Copy the data exactly, pictures aside.

== Data segment ==
┌──

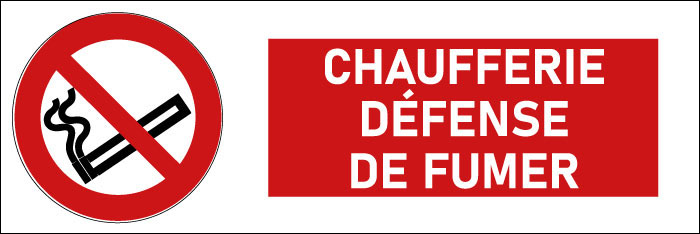 Pictogramme Chaufferie défense de fumer
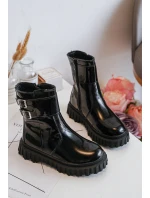 Dětské lakované boty se spony černé Chloraia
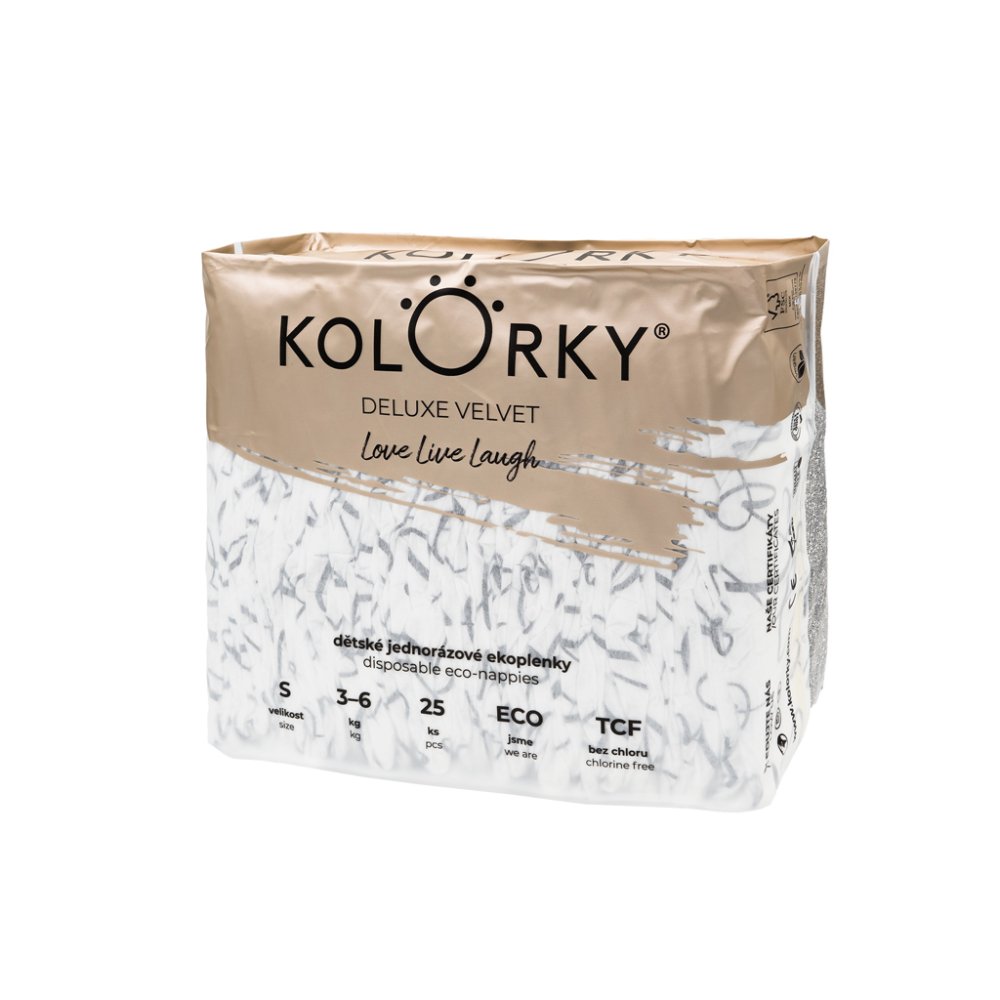 KOLORKY DELUXE VELVET Eco Jednokratne Pelene S Baršunastom Površinom S (3-6 Kg) 25 Kom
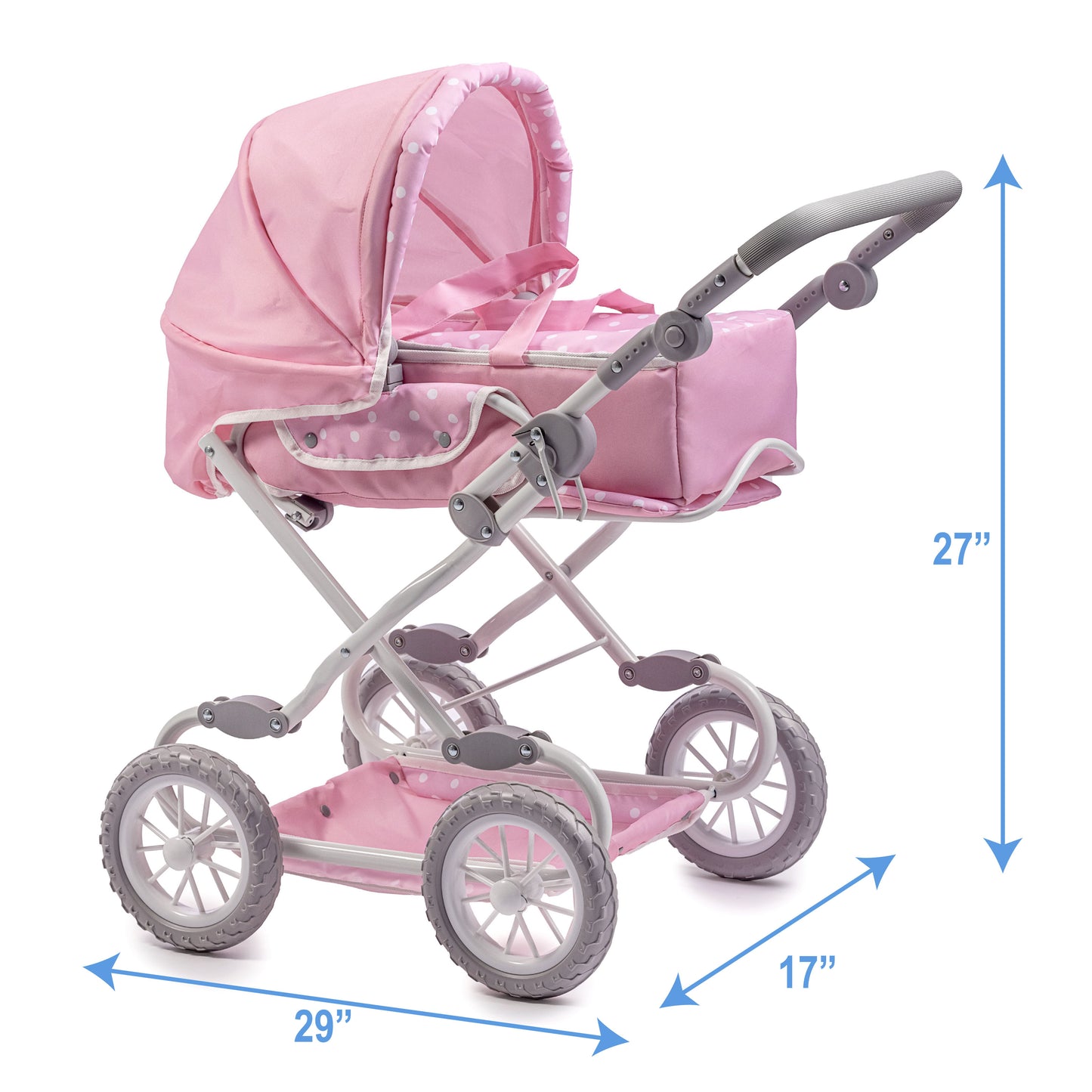 JC Toys Berenguer Boutique Deluxe Foldable Baby Doll Stroller with Canopy Removable Carry Basket Pink Ages 3+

└──

== Your solution ==
 Pictogramme Chaufferie défense de fumer
 Dětské lakované boty se spony černé Chloraia
 KOLORKY DELUXE VELVET Eco Jednokratne Pelene S Baršunastom Površinom S (3-6 Kg) 25 Kom
 JC Toys Berenguer Boutique Deluxe Foldable Baby Doll Stroller with Canopy Removable Carry Basket Pink Ages 3+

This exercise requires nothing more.